Behind me, on a lounge chair, lay the gorgeous, dark, 20-year-old Parisian who had tried to kiss me earlier.  He was pretending to read in the dark and eventually fell asleep.

When he had corned me, I turned away and told him, “I can’t kiss everyone.”

“What does that mean?” he demanded, and I choose not to explain.  For how does one tell a stranger that there was another; that I cannot just give myself to anyone who wants me.

Alone, I stared at the moon, and gathered up my bags as the sun was rising.  Out the window of my cab, I tried to soak in the small, proud and quiet city, for I knew it was my last and only look.

And I wished that my flight was leaving Monday, and I wished that I had danced with the boy who I said goodbye to the day before, and I wished  that I didn’t wish anything because then I wouldn’t have met the wonderful people who made my last night in South America so special – who admired my courage to set off on my own.

Who told me that I should be proud of myself, who stood on the steps in front of the hostel and waved goodbye, who shouted again and again, “Buen Viaje!”

Now and Then

18 Oct

You walk away from everything like you always do.  You can never walk away quietly; it is always fire.

You wonder why you are like this – why it has to be this way, but then you know that you never want anything to come back to.

This is how your life is – one circle of flames on top of the other, spiraling up toward some purpose you hope is waiting for you.

Because that must be it, and if it isn’t, at least you burn.

And as you watch your former lives fall away you know that you feel younger now than you did then.  And you know this time the finger on the match was yours.

And you know now new flames are being lit within, connecting back into the belief that all that you thought you were capable of is still there.

This is your responsibility; to grasp onto your own inner belief, grasp onto what you belief you can provide to serve wherever you land.

But you don’t know where that is, and you don’t know how long you’ll drift, and you don’t know how long you will want to be alone, free and beholden to none.

You only know now is the reckoning, or the change, or the space that you needed to look back at your own creation; to look back at all you destroyed and walked away from; to look back and see what’s left of you when you return.

For now it is disconnection, uneven terrain, passion and silence.  It is a pen in a hand and paper that no one will read.

It is stories that won’t ever be told; it is cities that have no return.  It is a map to nowhere and a destination that is foggy; it is the echoes between the mountains, in valleys that reflect back the sound of your own making.

A Haphazard Beginning

17 Sep

I’m sitting here hours before my journey and a few  things just don’t seem right. The space bar on my new, yet crappy, computer doesn’t really seem to work.  I know this will affect my writing ability as it’s a pretty important key.  Also challenging is that the computer I bought is the wrong size.

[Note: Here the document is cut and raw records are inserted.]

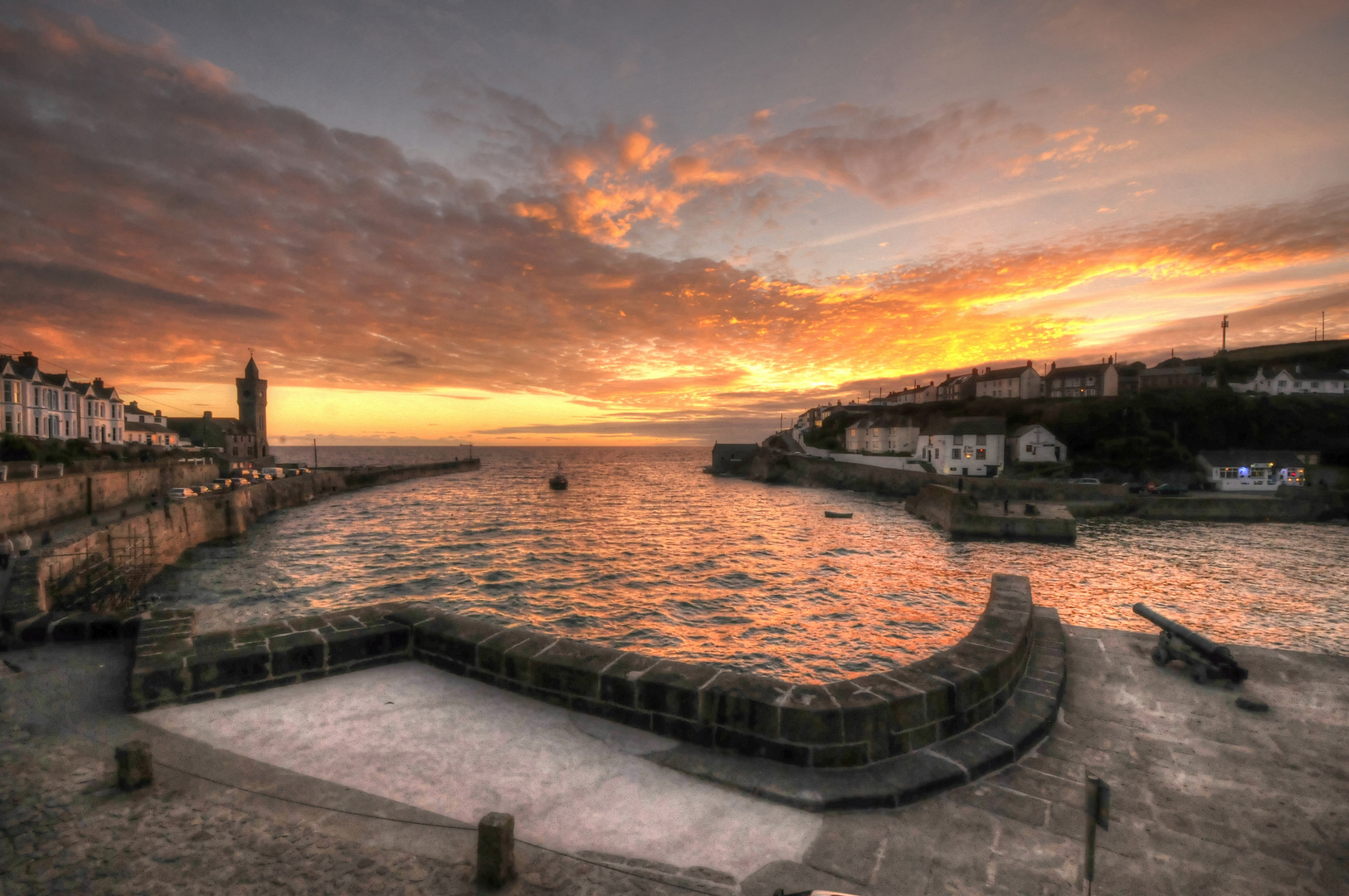 Sunset 18.9.2012 Porthleven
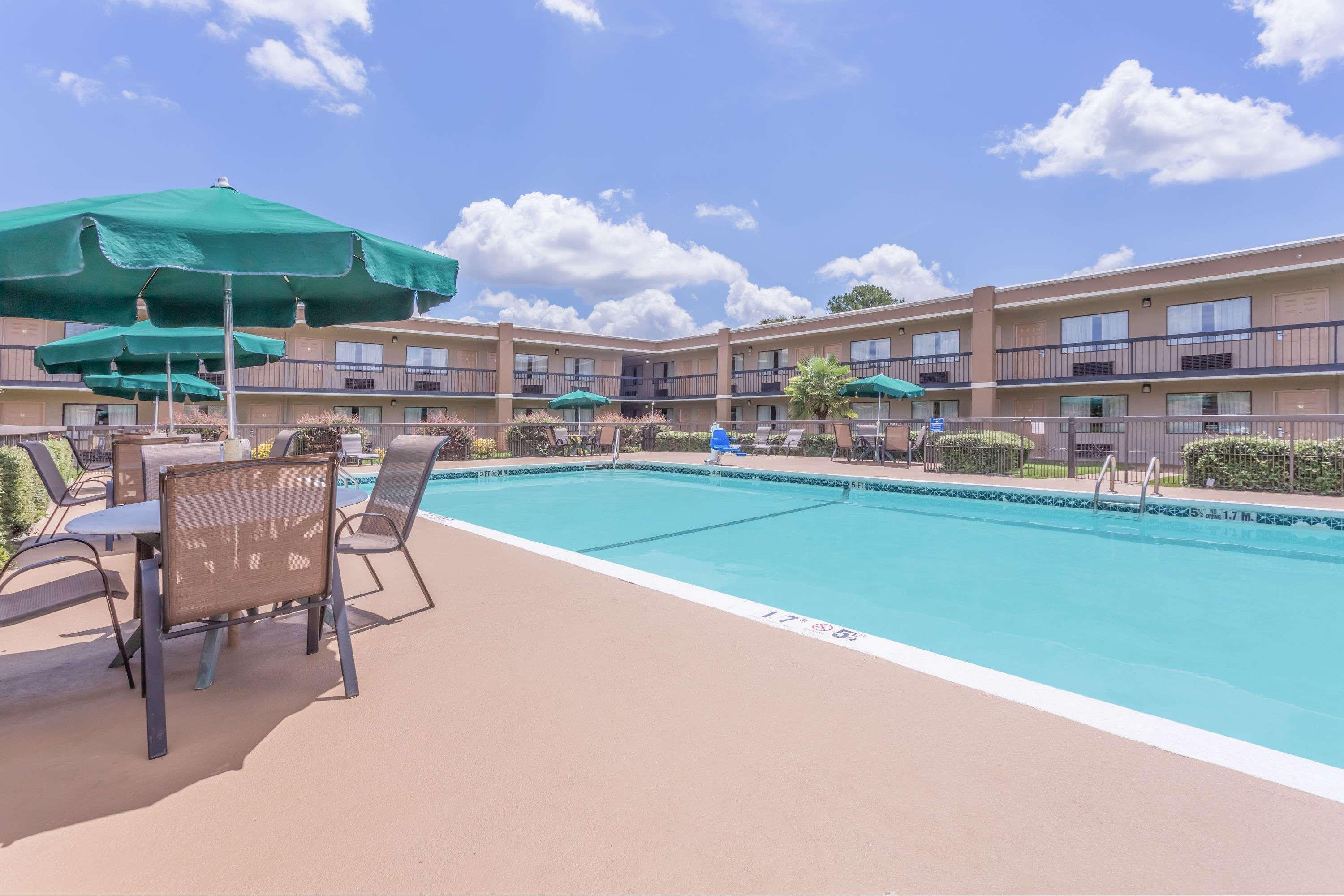 Ramada By Wyndham Macon Hotel Exterior photo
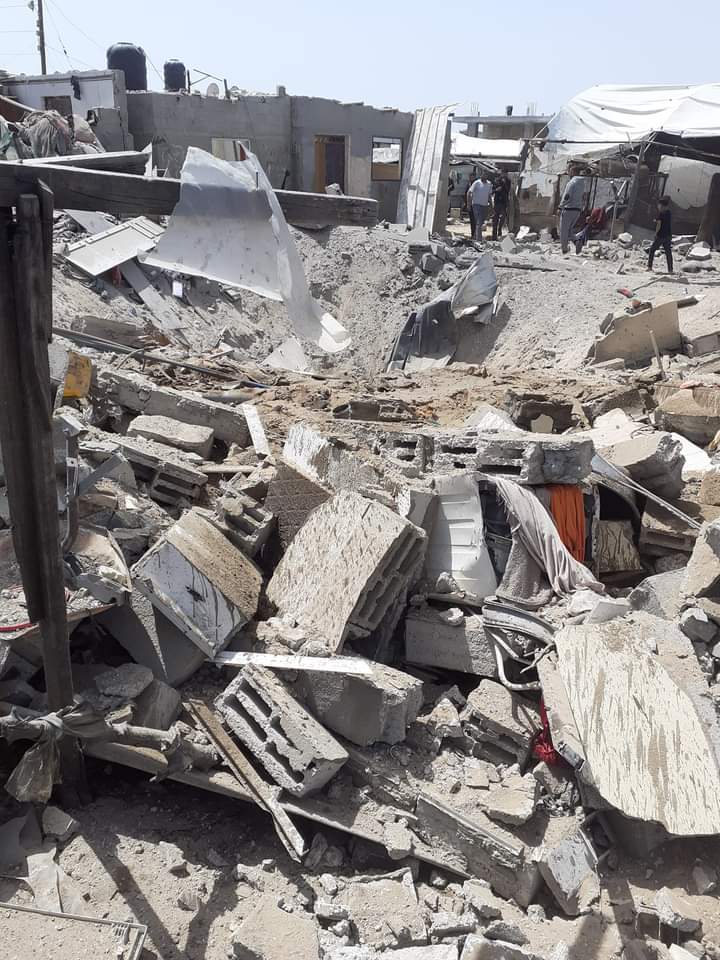 دمار منزل عائلة الحشاش الفلسطينية في مدينة رفح جنوبي قطاع غزة من جراء ابقصف الإسرائيلي، 12 أيار/مايو 2023 (تويتر)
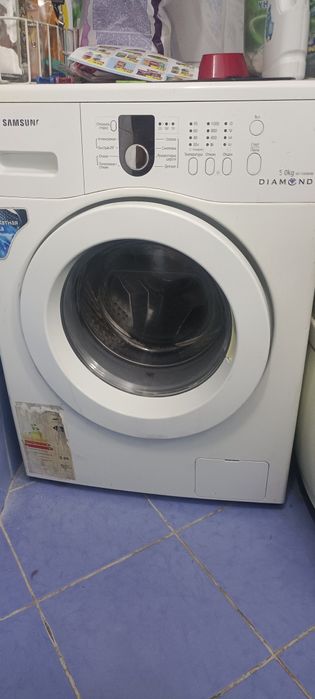 стиральная машинкп   "Samsung"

Upon reflection it occurs to me that the box should have been the tell, and questions such as, “If it is supposed to be a mini why is the box so big?”  Or, “Why didn’t I do my research and buy a non-crappy computer weeks ago?” can’t help but cross my mind.

I don’t have answers to these questions, and I’m trying to ignore them as a sign of my ill-planned journey, but the truth is the whole thing feels somewhat haphazard.

I can’t really envision myself trudging up the Peruvian mountains with a pack that is half the size of me.  Especially because I’ve spent the past few weeks consuming more alcohol than I have the entire year.  Nor do I know how I’m going to get to Cartegena and Medellin, yet these are my chosen beginning destinations.

The only thing I have thus far is a ride from the airport and a place to stay in Bogota- so there’s my beginning.

As for the rest of it, we shall see.